Training junk columns dropped: `.geo`, `system:index`, `latitude`, `longitude`, `lat`, `lon`, `ID`, `parent_id`, `batch_id`, `is_syn`.
## DEA STAC
- Search endpoint: `https://explorer.digitalearth.africa/stac/search`
- Primary collection: `s2_l2a` (falls back to `s2_l2a_c1`, `sentinel-2-l2a`, `sentinel_2_l2a`)
- Required bands: red, green, blue, nir, nir08 (red-edge), swir16, swir22
- Cloud filter: `eo:cloud_cover < 30`
## Worker Pipeline Stages
`fetch_stac → build_features → load_dw → infer → smooth → export_cog → upload → done`
When real DEA STAC data is unavailable, worker falls back to synthetic features (seeded by year+coords) to allow end-to-end pipeline testing.

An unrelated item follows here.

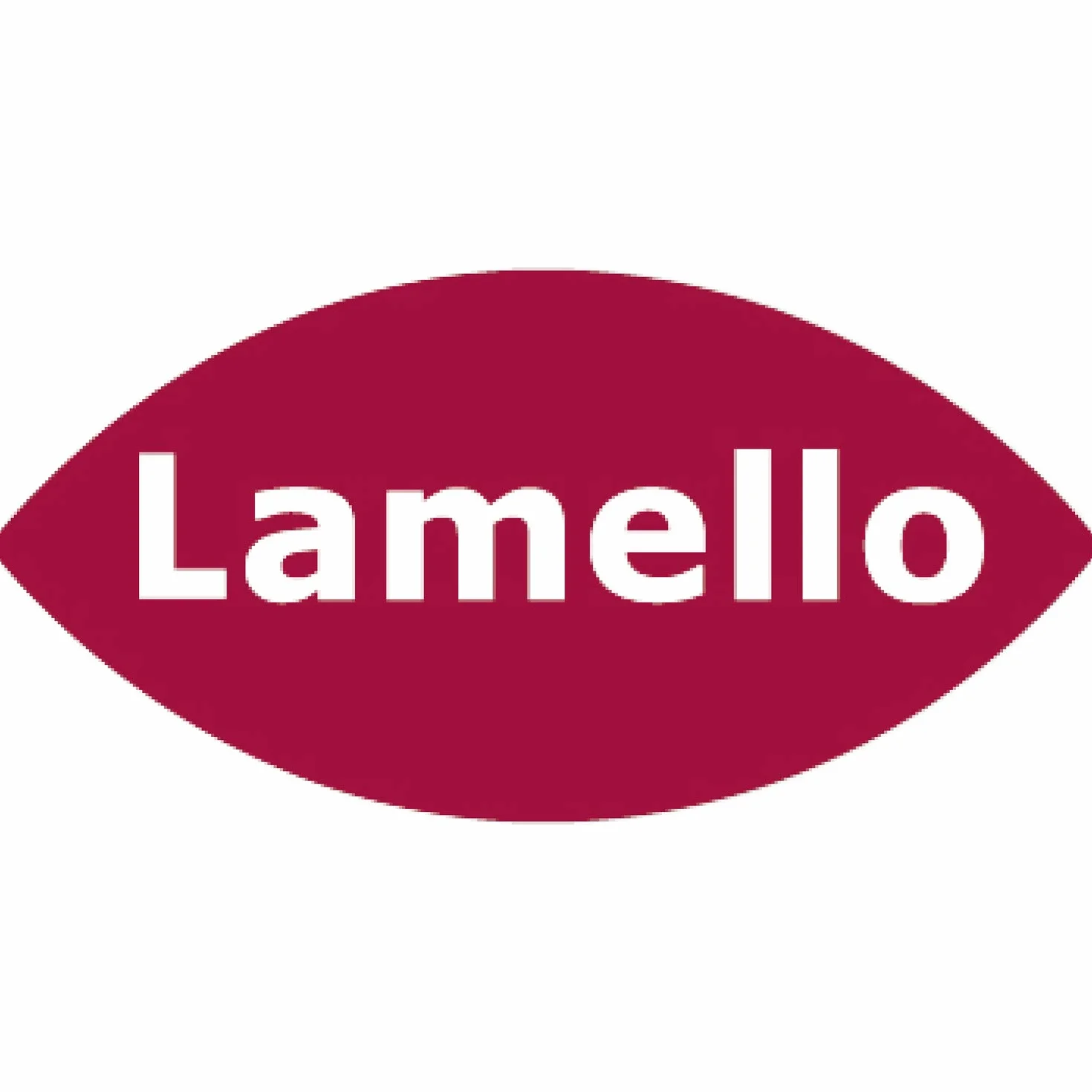 Lamello 145425 connettore Tenso P 14/10, in fibra di vetro/zinco pressofuso, Plastica (confezione da 300 pezzi)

## Label Classes (V1 — temporary)
35 classes including Maize, Tobacco, Soyabean, etc. — defined as `CLASSES_V1` in `apps/worker/worker.py`. Extract dynamically from `model.classes_` when available; fall back to this list only if not present.
## Training Artifacts
`train.py --variant Raw` produces `artifacts/model_raw/`:
- `model.joblib` — VotingClassifier (soft) over RF + XGBoost + LightGBM + CatBoost
- `label_encoder.joblib` — sklearn LabelEncoder (maps string class → int)
- `selected_features.json` — feature subset chosen by scout RF (subset of FEATURE_ORDER_V1)
- `meta.json` — class names, n_features, config snapshot
- `metrics.json` — per-model accuracy/F1/classification report
`--variant Scaled` also emits `scaler.joblib`. Models uploaded to MinIO via `--upload-minio` go under `geocrop-models` at the ROOT (no subfolders).
## Plans & Docs
`plan/` contains detailed step-by-step implementation plans (0105) and an SRS. Read these before making significant architectural changes. `ops/` contains MinIO upload scripts and storage setup docs.